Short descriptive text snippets
^^^^^^^^

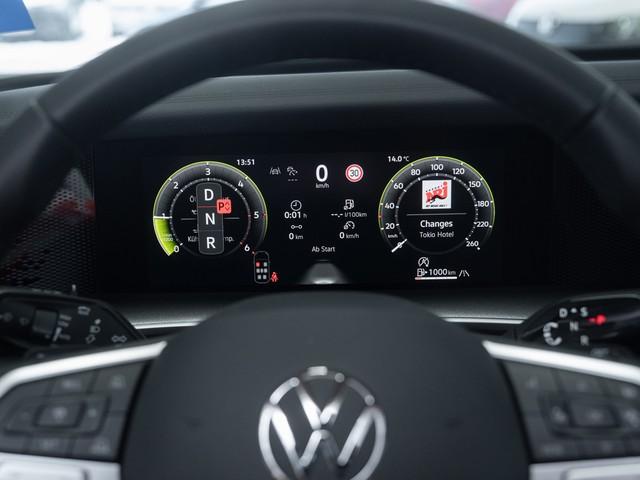 Volkswagen Tayron DSG Life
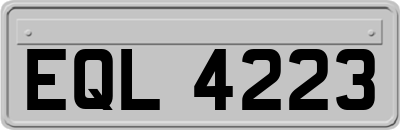 EQL4223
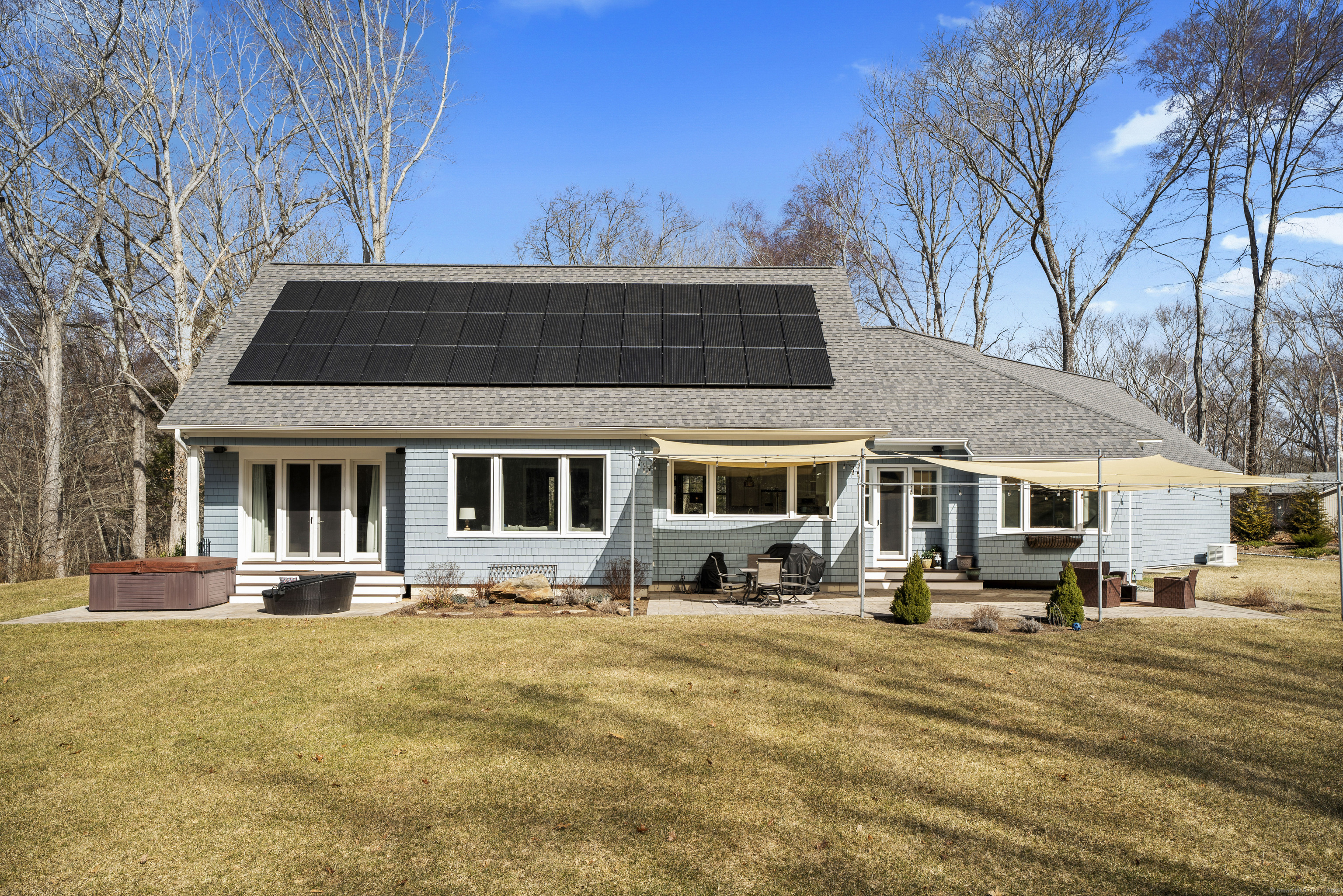 20 Otter Cove Drive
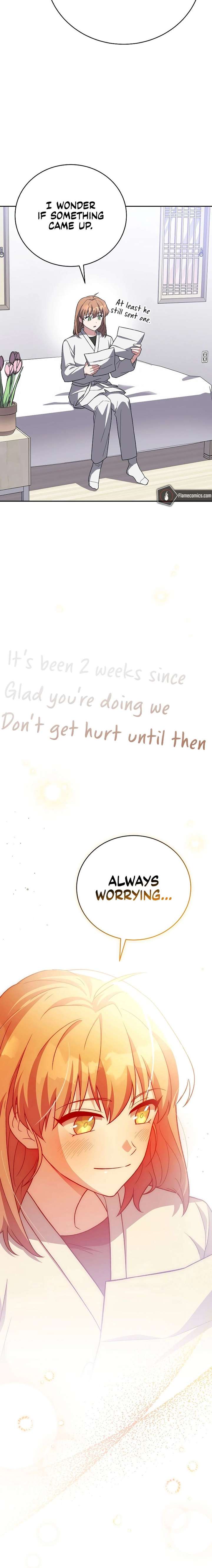 Read The Novel’s Extra (Remake) EN Manga Online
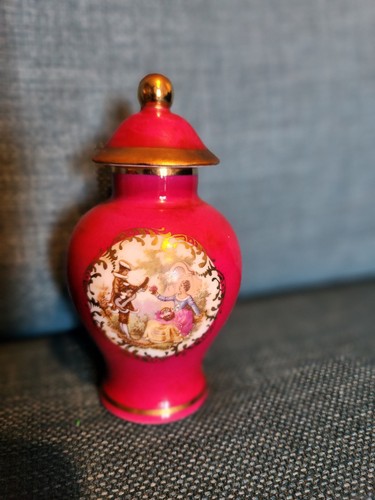 Beautiful vintage limoges - beautiful,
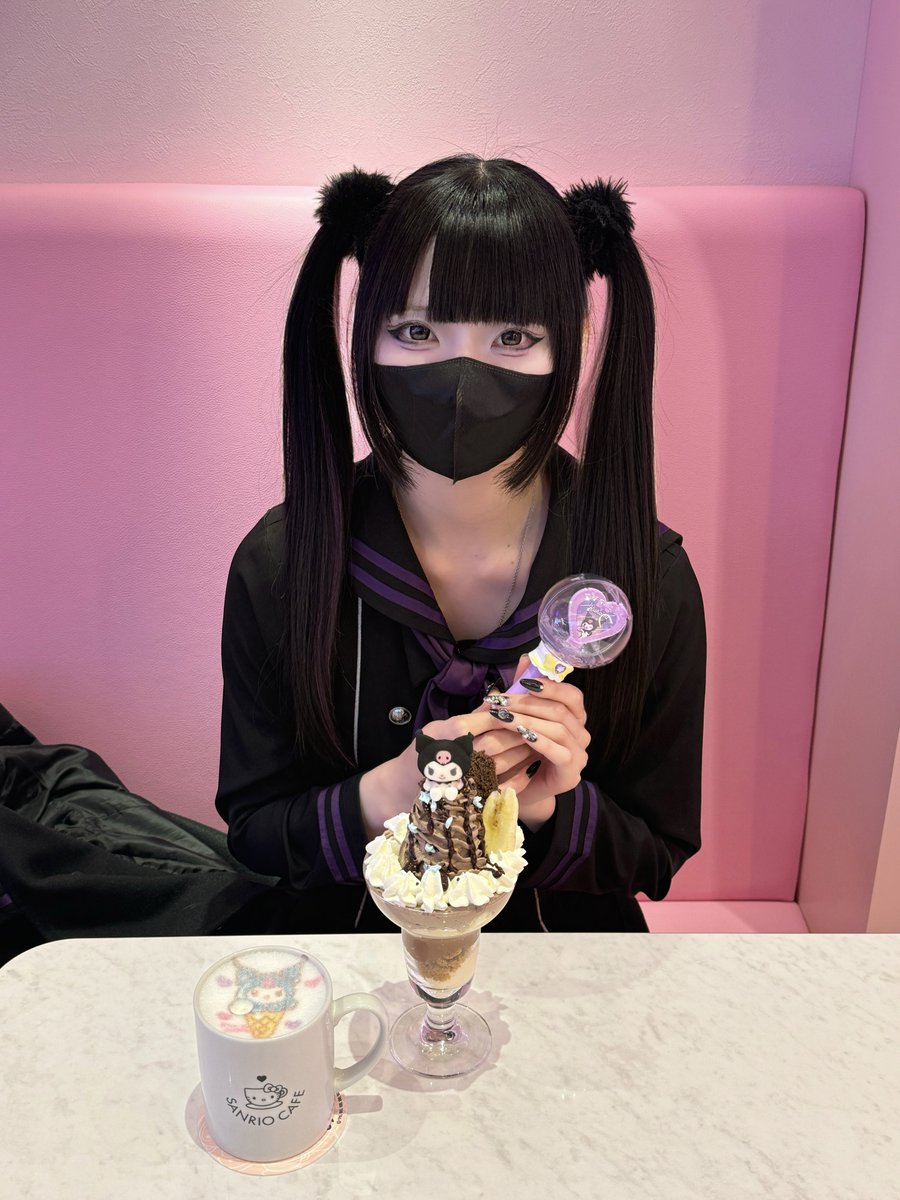 サンリオデートしてくれる男がいい https://t.co/sG0bAg136z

^^^^^^^^

Problem to work on: Your copy should repeat each entry above exactly but contain no pictures.

Written solution:
 Volkswagen Tayron DSG Life
 EQL4223
 20 Otter Cove Drive
 Read The Novel’s Extra (Remake) EN Manga Online
 Beautiful vintage limoges - beautiful,
 サンリオデートしてくれる男がいい https://t.co/sG0bAg136z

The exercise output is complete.